I was very busy that week, and tired of looking at Bill Gates shit-eating grin in his mug-shot, so I tore them down. Then I got thinking. Of all the items in my cube this was what was offensive?

In my cube are a hand grenade, a very large rat dressed in a cape (the team mascot), a can of Spotted Dick, and a sign which reads, "This Facility Has Gone 0 Days Without Physical Violence." The sign is held up with darts. The mug-shots were offensive? I think her head's come undone.

Then it struck me. End of quarter, MBO's. People only do as little as they have to in order to secure the bonus. I bet her MBO was to piss off three employees that quarter and she was one short.

One day in the distant future I will leave WTHAIS. After I give notice, I'm going to plaster the place with pictures of O.J., and Orange Juice. Always leave them wanting more.


This Issue's Headline submission to the National Daily World Enquiring Globe.

Apple Releases iPod Suppository!

New Mega-Bass Feature Selling More Metal Songs on iTunes!


Let's play, "Who said this?"

Heard in the halls of various software companies.

"I'm going to need a drink for this call."

"What did we buy him for a baby gift?"
"A case of Slim Jims."
"I wish I'd thought of that."

"I'll see you after this rash clears up."

"I'm still smiling.
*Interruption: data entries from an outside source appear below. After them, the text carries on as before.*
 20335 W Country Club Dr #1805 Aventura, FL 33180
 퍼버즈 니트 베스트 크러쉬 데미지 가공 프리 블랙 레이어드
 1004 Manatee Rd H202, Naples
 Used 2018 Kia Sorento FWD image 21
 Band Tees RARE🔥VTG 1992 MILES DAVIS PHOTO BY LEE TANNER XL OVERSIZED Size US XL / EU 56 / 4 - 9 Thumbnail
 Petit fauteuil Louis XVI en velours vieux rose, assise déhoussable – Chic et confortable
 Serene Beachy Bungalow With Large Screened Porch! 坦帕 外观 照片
That's got to be wrong."

"No one wants to play 'Good Cop'."

"The geese are having a poop fest."

"Imagine I was in a field of bacon! Every direction I turned... bacon!"

"Do you find more and more that you need to bush your teeth after every meeting?"

"I wonder if it's quality marijuana."

Excuse Me

I need to hang my Joseph Stalin poster.


Fek'Lar
(The Last Honest Geek)

Remember: The Crapolla contains my personal opinions. That's right they're mine, so get your own! And you kids get off my lawn!

Although written with the software professional in mind, my mind tends to wander all over the place, and I sometimes write about politics, mass stoopidity, dumb things I saw, and whatever else comes to mind.

From time to time, I use salty language, thus The Crapolla is not intended for children, or certain people in the Bush Administration.